You're arguing on an economic standpoint, but I don't see how your viewpoint is furthering scientific innovation more than the current system.
 
Originally posted by: Dissipate
If you think that innovation is fueled by bureaucrats who control men with guns you are sorely mistaken.

Avoid strawman arguments. I don't think anyone argued that bureaucrats who control men with guns fuel innovation.
 
Originally posted by: Infohawk
Originally posted by: Dissipate
If you think that innovation is fueled by bureaucrats who control men with guns you are sorely mistaken.

Avoid strawman arguments. I don't think anyone argued that bureaucrats who control men with guns fuel innovation.

Uh, that's what patents are essentially. It is the government doling out a portion of its power to exercise force against individuals.
 
Originally posted by: Dissipate
Patents are a crock, especially this one.
Ummm.... NO!!! A patent is a means to encourage creativity and invention by granting inventors the first right to the rewards for their inventive work.

I hold two patents for unique electronic circuitry, truly world's best circuits at what they do. I did the work. I came up with the circuits, and I'm entitled to protection for my right to earn a living for that work.

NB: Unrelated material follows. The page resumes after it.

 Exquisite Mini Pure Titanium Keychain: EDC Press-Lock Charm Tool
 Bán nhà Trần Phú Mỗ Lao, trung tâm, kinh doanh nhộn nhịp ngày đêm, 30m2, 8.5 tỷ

OTOH, I think a patent should never have been issued for double clicking. The criteria for granting a patent is that the invention must be new, useful, and unobvious. I don't see how double clicking meets passes the DUH! test. :roll:
 
Originally posted by: CanOWorms
i disagree with all the anarchy government sux people. i think patents are vital for an innovative society

I agree with you. However, patents are not only a way to promote innovation, but also a method of stifling competition. Even if there is prior art and the patent is absurd, can you afford to litigate against a large corporation when the average cost of litigating a patent is over half a million dollars? Large corporations can afford to pay their lawyers or can simply cross-license their portfolios of thousands of patents with each other.

The important question is how many and what type of patents are best to fuel innovation?

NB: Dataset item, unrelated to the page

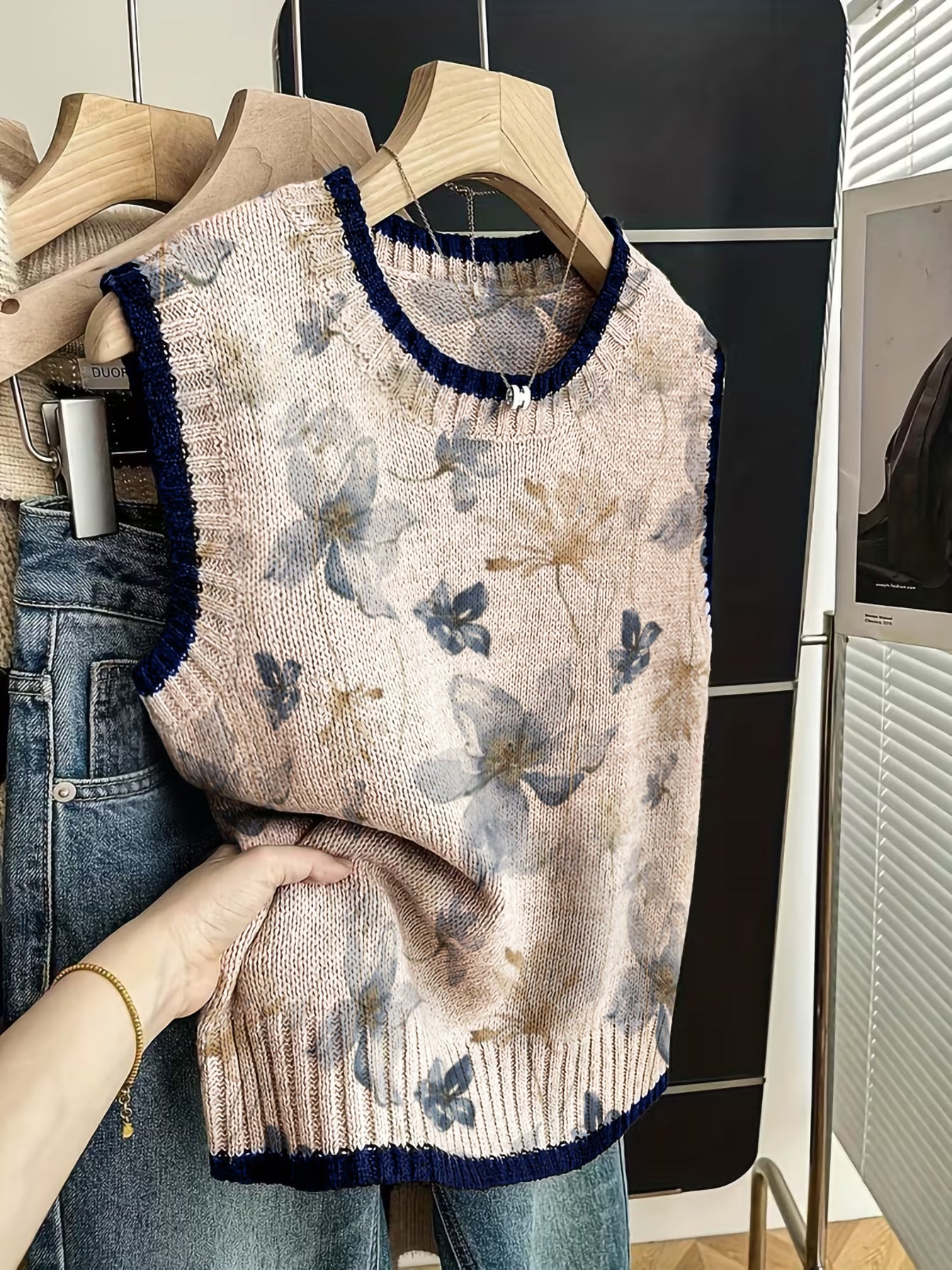 Sleeveless Vest For Women Early Spring Retro Color-block Knit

We currently have too many patents that are too broad on too many obvious "innovations," many of which were created by another party before the patent claimer. The problem is that the USPTO makes money by granting patents and Congress likes the fact that the USPTO is one of the few government departments to generate income.
 
I'm hardly one to support frivolous patents (which this double-clicking patent more than likely is, we'll see how long it stands up in light of prior-art arguments), but this farmaceutical (sp?) example going on this topic seems pretty ridiculous to me.

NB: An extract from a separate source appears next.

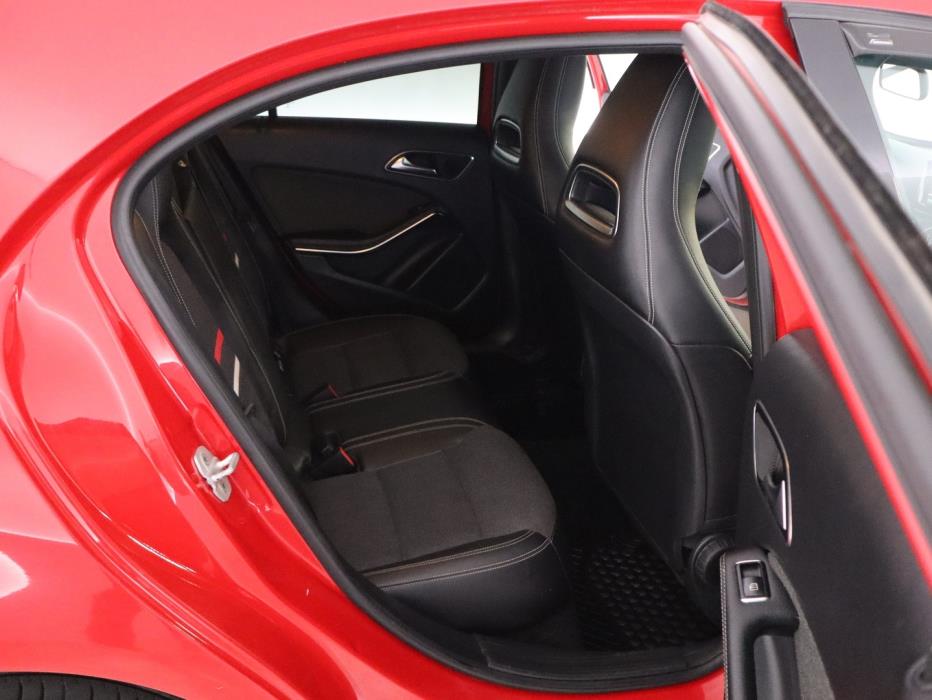 MERCEDES-BENZ A 2014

Aside from the other arguments made it seems to be forcing companies to be either R&D entities or manufacturers, but they are not allowed to be both. To jump it over to the electronics world that's like saying Sony is allowed to incur all of the costs of developing the Playstation3, but then when they're finished they're not allowed to manufacturer it themselves, they have to sell it to a separate manufacturer to make a ONE TIME profit on the idea, while the manufacturer has the opportunity to make long-term and repeatable profit that Sony is henceforth unable to take part in. So basically, all of the fabs Sony has set-up for itself would be incompatible with this idea of them making the Playstation3 design and then having to fork it over to someone else to design, because heaven forbid they manufacturer their own design and make money off of it. :roll:

The whole idea just seems ridiculous. Of course, this R&D and manufacturer separation already happens in the PC graphics card world, but I believe the manufacturer partners or working under a kind of license for the technology from either Nvidia or ATI, but both of them can still make their own cards if they like.
 
But once you have a legacy product, a chain of intermingled patents that becomes a standard, then it secludes the pool of available manufacturers. Would MS really be the company they are unless they over-agressively bought up the small fry that invented new programs?